Had a great time and met a bunch of you from this forum. Enjoyed myself immensely and will plan on attending next year.


----------



## Herb Boyd (Sep 3, 2018)

Thanks Joe and MTPCA for your efforts...


----------



## General Ottsc (Oct 5, 2017)

Seldom said:


> Had a great time and met a bunch of you from this forum. Enjoyed myself immensely and will plan on attending next year.


I was gonna stop and say 'hi' to ya and introduce myself when you were sitting on a bench, but you were busy talking to other people. I didn't want to be rude and interrupt your conversation.

I knew it was you by your voice.
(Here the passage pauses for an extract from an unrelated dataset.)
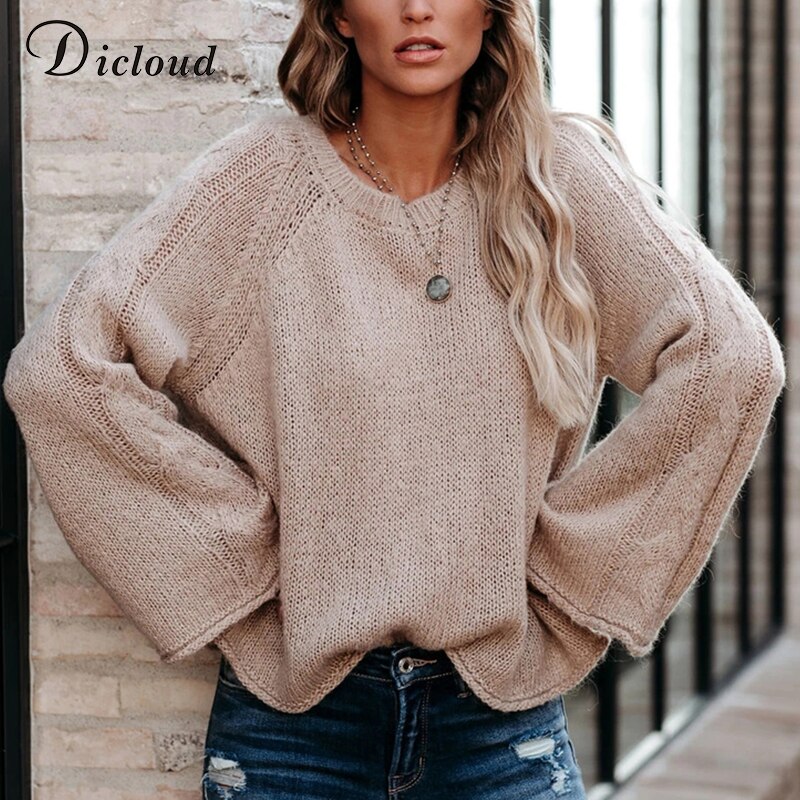 DICLOUD-suéter informal de manga larga acampanada para mujer, jerséis con cuello redondo, ropa lisa de otoño e invierno, prendas de punto holgadas de gran tamaño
I said to myself, 'now that sounds like Seldom talking.' haha.


----------



## FREEPOP (Apr 11, 2002)

Seldom said:


> Had a great time and met a bunch of you from this forum. Enjoyed myself immensely and will plan on attending next year.


Dang, I was there Saturday


----------



## 9 (Jan 17, 2000)

General Ottsc said:


> I was gonna stop and say 'hi' to ya and introduce myself when you were sitting on a bench, but you were busy talking to other people. I didn't want to be rude and interrupt your conversation.
> 
> I knew it was you by your voice. I said to myself, 'now that sounds like Seldom talking.' haha.


Oh man General, you should have swung through because it was sort of a round-table disscusion that went on all forenoon and into the afternoon I would have absolutely loved to have met you. There were buildings I never got to because me and Ace decided to sit down then Jim Dymond sat down beside me and the dance started!! 

I couldn't believe it and while meeting a bunch of great people, a multitude of different trapping topics of discussion just seemed to roll on and on. I'll never forget it, seriously. Heck, Fmann and his wife swung through and slipped right into starting a small discussion on cookie cutters. In fact, because I didn't feel as though we/I explored the topic enough I plan on making a video this week on my experience with the pros & cons of cookie cutters.


----------



## 9 (Jan 17, 2000)

FREEPOP said:


> Dang, I was there Saturday


I sure missed meeting you John!


----------



## General Ottsc (Oct 5, 2017)

Seldom said:


> Oh man General, you should have swung through because it was sort of a round-table disscusion that went on all forenoon and into the afternoon I would have absolutely loved to have met you. There were buildings I never got to because me and Ace decided to sit down then Jim Dymond sat down beside me and the dance started!!
> 
> I couldn't believe it and while meeting a bunch of great people, a multitude of different trapping topics of discussion just seemed to roll on and on. I'll never forget it, seriously. Heck, Fmann and his wife swung through and slipped right into starting a small discussion on cookie cutters. In fact, because I didn't feel as though we/I explored the topic enough I plan on making a video this week on my experience with the pros & cons of cookie cutters.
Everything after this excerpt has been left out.